Il arrive souvent un jour où les groupes cultes méritant éclatent en plein jour. Pour Gogol Bordello, cela s’est produit lorsque Madonna a évoqué dans la presse son admiration pour l’énergie tribale d’Eugene Hütz et sa troupe. Cela s’est même confirmé lorsque la bande d’agitateurs a été signée chez Columbia et que le travail de production de son cinquième album a été confié à Rick Rubin. Une collaboration somme toute logique et qui amène avec Trans-Continental Hustle de nouvelles perspectives de développement à ce collectif libre pensant.

Fidèle à son crédo, Rick Rubin pousse Gogol Bordello à revenir à la base de son son et à se focaliser sur le strict essentiel. Néanmoins, avec un violoniste et un accordéoniste dans son line-up, le strict essentiel du groupe comporte de nombreuses couches. Pour autant, Gogol Bordello s’essaie à quelques exercices dépouillés comme When Universes Collide, tenu en grande partie par des lignes vocales sponsorisés par Eristoff et une lugubre guitare acoustique. Toutefois, le naturel revient petit à petit, au fur et à mesure qu’évolue le morceau, et nous rappelle que les forces du combo sont avant tout ancrées dans une mixture acide de gypsy punk populaire.
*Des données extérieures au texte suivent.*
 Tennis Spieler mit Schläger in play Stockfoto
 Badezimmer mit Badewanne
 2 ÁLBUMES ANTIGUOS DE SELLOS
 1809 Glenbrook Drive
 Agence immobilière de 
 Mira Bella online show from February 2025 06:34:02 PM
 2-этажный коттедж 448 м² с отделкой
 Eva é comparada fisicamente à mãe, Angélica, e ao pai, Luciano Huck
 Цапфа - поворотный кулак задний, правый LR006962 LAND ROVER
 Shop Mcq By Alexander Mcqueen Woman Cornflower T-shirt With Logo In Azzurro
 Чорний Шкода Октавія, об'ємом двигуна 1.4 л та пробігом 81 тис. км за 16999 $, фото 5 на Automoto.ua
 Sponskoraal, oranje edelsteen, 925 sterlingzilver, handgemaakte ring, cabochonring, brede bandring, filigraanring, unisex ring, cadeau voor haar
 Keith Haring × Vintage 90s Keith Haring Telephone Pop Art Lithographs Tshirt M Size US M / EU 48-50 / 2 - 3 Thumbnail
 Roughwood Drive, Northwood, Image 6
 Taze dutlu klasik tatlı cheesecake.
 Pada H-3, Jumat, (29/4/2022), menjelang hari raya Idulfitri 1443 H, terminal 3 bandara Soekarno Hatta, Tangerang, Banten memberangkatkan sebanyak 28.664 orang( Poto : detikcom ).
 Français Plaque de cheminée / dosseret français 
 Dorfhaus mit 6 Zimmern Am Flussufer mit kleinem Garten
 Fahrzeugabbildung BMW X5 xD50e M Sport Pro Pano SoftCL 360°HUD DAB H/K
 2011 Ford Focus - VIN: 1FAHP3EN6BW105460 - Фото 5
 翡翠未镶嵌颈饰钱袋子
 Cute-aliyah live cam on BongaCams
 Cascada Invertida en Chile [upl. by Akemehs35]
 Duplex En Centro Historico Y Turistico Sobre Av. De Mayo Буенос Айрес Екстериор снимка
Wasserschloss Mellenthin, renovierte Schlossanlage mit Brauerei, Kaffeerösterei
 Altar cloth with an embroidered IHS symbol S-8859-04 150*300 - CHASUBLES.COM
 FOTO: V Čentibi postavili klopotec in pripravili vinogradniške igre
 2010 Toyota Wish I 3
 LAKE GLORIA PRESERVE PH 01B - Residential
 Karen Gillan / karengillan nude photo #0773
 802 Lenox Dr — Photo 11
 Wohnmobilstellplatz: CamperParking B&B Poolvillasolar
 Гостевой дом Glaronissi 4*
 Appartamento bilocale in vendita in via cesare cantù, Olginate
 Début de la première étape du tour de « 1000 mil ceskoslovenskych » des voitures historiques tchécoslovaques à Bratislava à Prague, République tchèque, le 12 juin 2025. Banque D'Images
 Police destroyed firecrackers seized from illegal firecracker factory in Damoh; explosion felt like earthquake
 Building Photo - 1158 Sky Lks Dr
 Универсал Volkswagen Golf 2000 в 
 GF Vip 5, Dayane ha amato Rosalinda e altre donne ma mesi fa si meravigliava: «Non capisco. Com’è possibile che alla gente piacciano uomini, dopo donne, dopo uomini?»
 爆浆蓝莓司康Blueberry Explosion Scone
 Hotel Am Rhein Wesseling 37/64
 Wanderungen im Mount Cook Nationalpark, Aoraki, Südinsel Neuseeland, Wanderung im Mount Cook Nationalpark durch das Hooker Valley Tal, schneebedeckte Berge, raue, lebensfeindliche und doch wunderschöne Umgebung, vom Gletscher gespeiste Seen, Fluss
La véritable nouveauté est à trouver du côté des influences latines qui émaillent l’ensemble de Trans-Continental Hustle. En effet, Eugene Hütz, globe-trotter insoumis, s’est installé au Brésil depuis quelque temps et sa musique s’en ressent énormément. Pala Tute, Raise The Knowledge, My Companjera, Last One Goes the Hope, Trans-Continental Hustle ou Uma Menina Uma Cigana possèdent tous des relents rythmiques sud américains qui se marient superbement bien à l’approche américano-slave du reste. Gogol Bordello distille une world music loin de la vision du label Real World mais elle fédère un nombre impressionnant de nations, comme si Regina Spektor, Manu Chao, Ska-P, Flogging Molly, The Dresden Dolls et Devotchka s’étaient rassemblés pour jouer à l’unisson, sans tabou.

Malgré tout, le résultat final se situe un bon cran en dessous des deux précédents albums, la faute à plusieurs morceaux de second rang et – reconnaissons-le – une certaine lassitude qui commence à poindre. Sun Is On My Side ressemble à un titre acoustique de Johnny Cash où la voix alcoolisée de Hütz ne trouve pas la bonne interprétation. To Rise Above se fait remarquer quant à elle comme une des seules mauvaises chansons écrites par le moustachu.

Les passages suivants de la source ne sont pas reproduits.